Here's the code from extend-match.lisp:

(defun pat-match (pat form &optional (blists '(nil)))
  (cond ((pat-extension-p pat)
        (match-extension pat form blists))
        ((eql pat form) blists)
        ((atom pat) nil)
        ((segment-pat-extension-p (first pat))
        (match-segment-extension pat form blists))
        ((atom form) nil)
        (t (pat-match (cdr pat) (cdr form)
          (pat-match (car pat) (car form) blists)))))

The fourth branch is the important one. It checks for a list starting with a pattern labelled as a segment matching pattern. If found, it calls match-segment-extension, the segment counterpart to match-extension.

(defun match-segment-extension (pats form blists)
  (let ((pat (first pats))
        (rest-pats (rest pats)))
    (let ((fn (pat-function (first pat))))
        (when (null fn)
          (error "Undefined pattern extension ~S" pat))
        (funcall fn (rest pat) rest-pats form blists))))

The parameter pats is a list of a patterns, starting with a segment pattern. form is a list of input items. The code above gets the matching function and passes it

• the segment pattern's arguments, e.g., (L) for (?* L),
• the remaining patterns in the list
• the list of input items
• the list of binding lists

The list of remaining patterns is needed because a segment matcher like ?* will consider many different bindings, each differing in how many input items are matched, but only the bindings that allow the rest of the patterns to match will be kept.

Here's the code for the segment variable matcher:

(defun match-segment-variable (args pats input blists)
  (destructuring-bind (&optional name) args
    (loop for tail = input then (rest tail)
          append (match-tail tail name pats input blists)
          until (null tail))))

(defun match-tail (tail name pats input blists)
  (let ((blists (pat-match pats tail blists)))
    (if (null blists)
      nil
      (bind-variable name (ldiff input tail) blists))))
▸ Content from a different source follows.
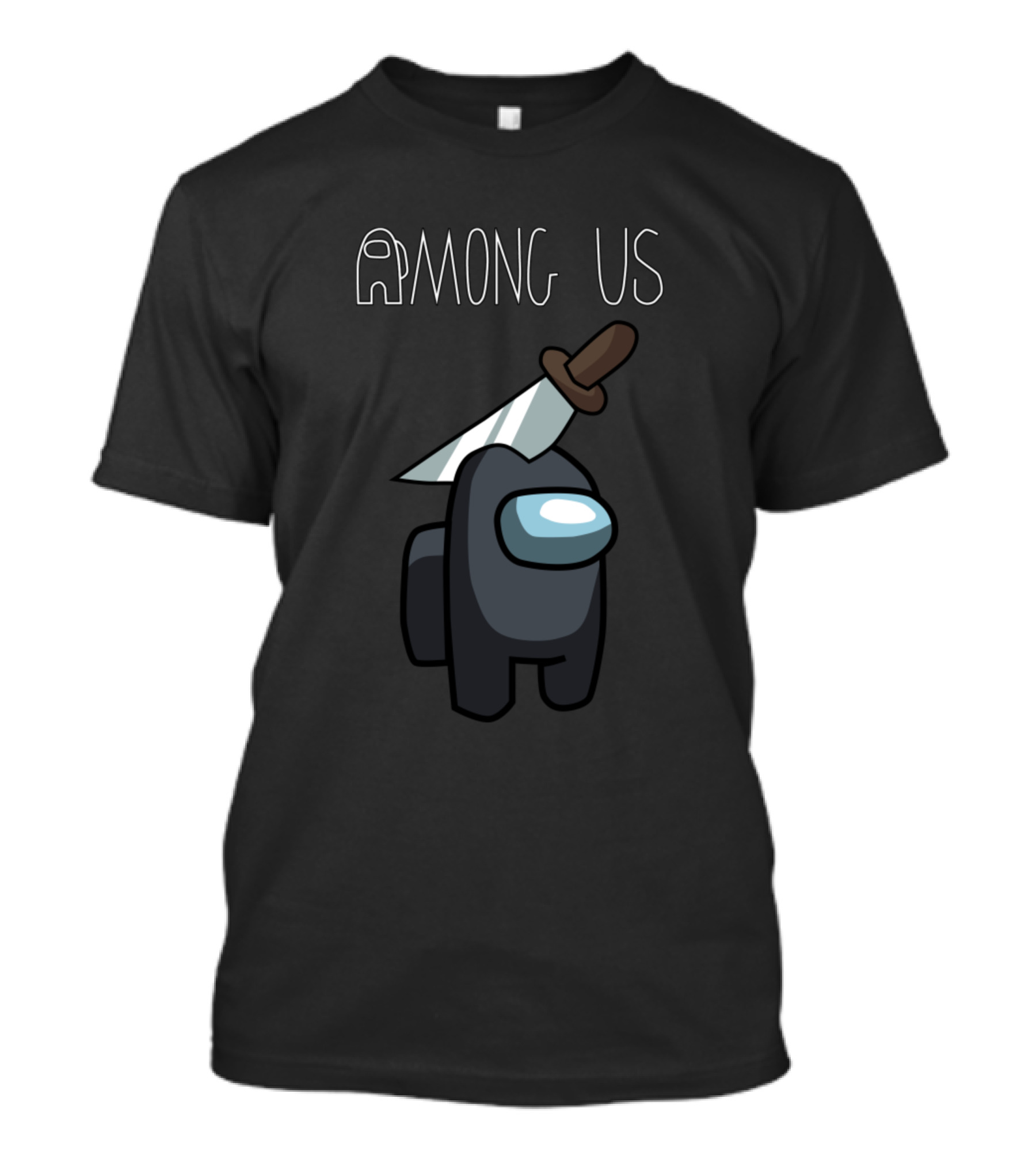 Among Us Black Sword Crewmate T-Shirt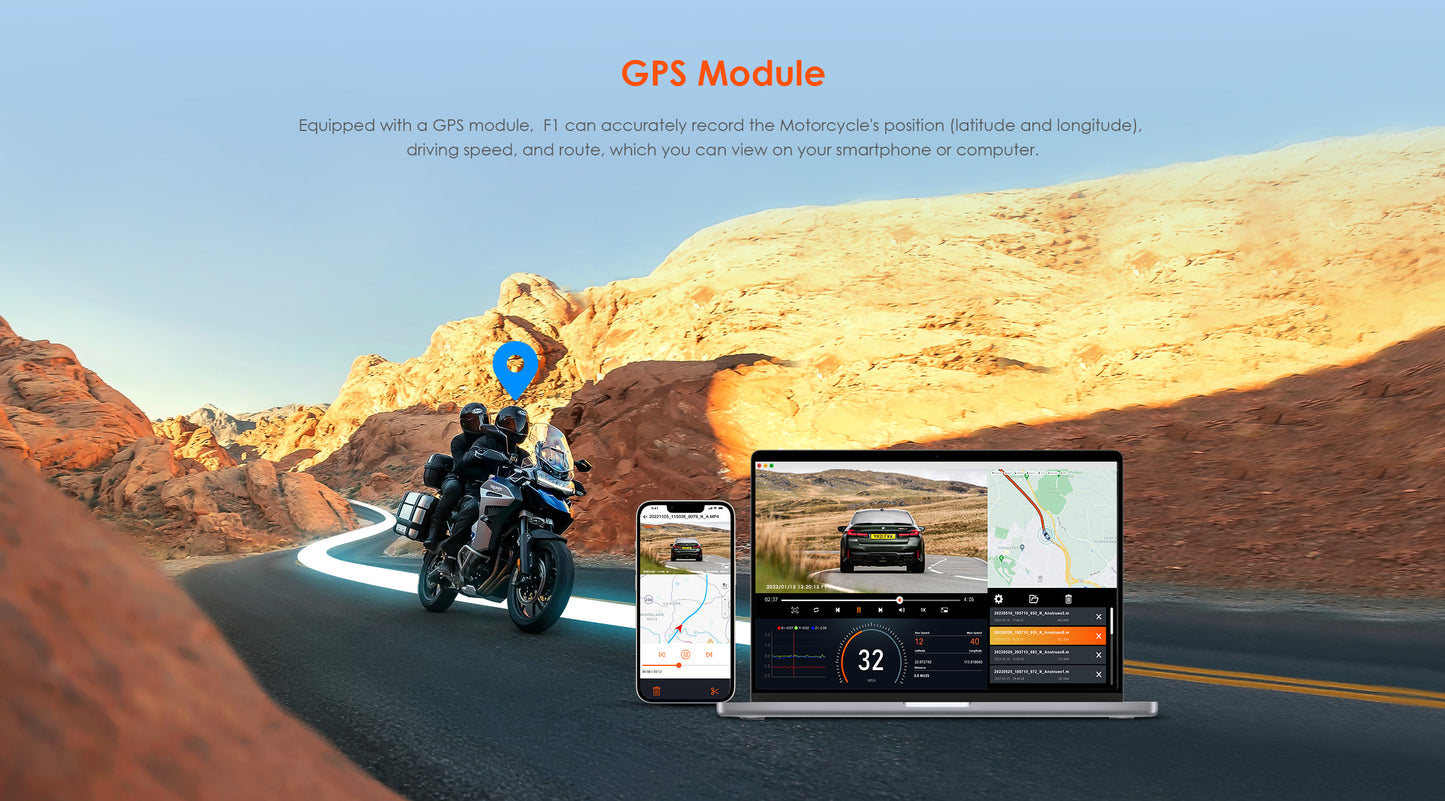 Vantrue Falcon F1 4K + Full HD wifi GPS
Basically, match-segment-variable calls match-tail with the input list, then the input list minus the first element, then the input list minus the first two elements, and so on, up to and including the input list minus all its elements. Successive cdr's of a list are called the tails of the list.

match-tail simply calls pat-match to see if the remaining patterns match the given tail of the input list. If they do, then match-tail tries to bind the segment variable to the elements in the input list preceding the tail.

ldiff is one of the great unknown functions of Common Lisp. Given a list and a tail of that list (not a list that has the same elements, but an actual tail), ldiff returns a list of the items preceding the tail. This function turns out to be surprisingly handy but often overlooked, even by veteran Lisp hackers.

To see why this works, consider

(pat-match '((?* l) (? x)) '(a b c))

match-tail will be called with (A B C), (B C), (C), and (). It will try matching each of these with the remaining patterns, namely ((? X)). Following the normal rules of matching, the only match that succeeds is the one that binds X to C, i.e., where the tail was (C). Hence, L will be bound to (A B).

The importance of bind-variable becomes clear when we consider

(pat-match '((?* l) (?* r) (?* l)) '(a b c)))

The sequence of events is roughly this:

• The first occurrence of (?* L) first tries passing the entire list (A B C) to the remaining patterns ((?* R) (?* L)).
• The (?* R) in turn first tries passing (A B C) to ((?* L)).
• After numerous tries, (?* L) binds itself to (A B C). The list of binding lists (((?* L) (A B C))) is returned to (?* R).
• (?* R) adds the binding (R) to each of these binding lists.
• (?* R) then tries (B C) to ((?* L)) and gets back the answer (((?* L) (B C))).
• (?* R) adds the binding (R A) to each of these binding lists.
• Eventually, (?* R) has tried every tail, and returns the list of binding lists (((R) (L A B C)) ((R A) (L B C)) ((R A B) (L C)) ((R A B C) (L))).
• (?* L) now tries to add the binding (L) to each of these lists. This succeeds only on the last binding list.
• The steps above now repeat with (?* L) passing (B C) to the remaining patterns ((?* R) (?* L)).
• Eventually, the binding lists returned are (((R) (L B C)) ((R B) (L C)) ((R B C) (L))).
• (?* L) is unable to add the binding (L A) to any of these lists. And similarly for the remaining passes.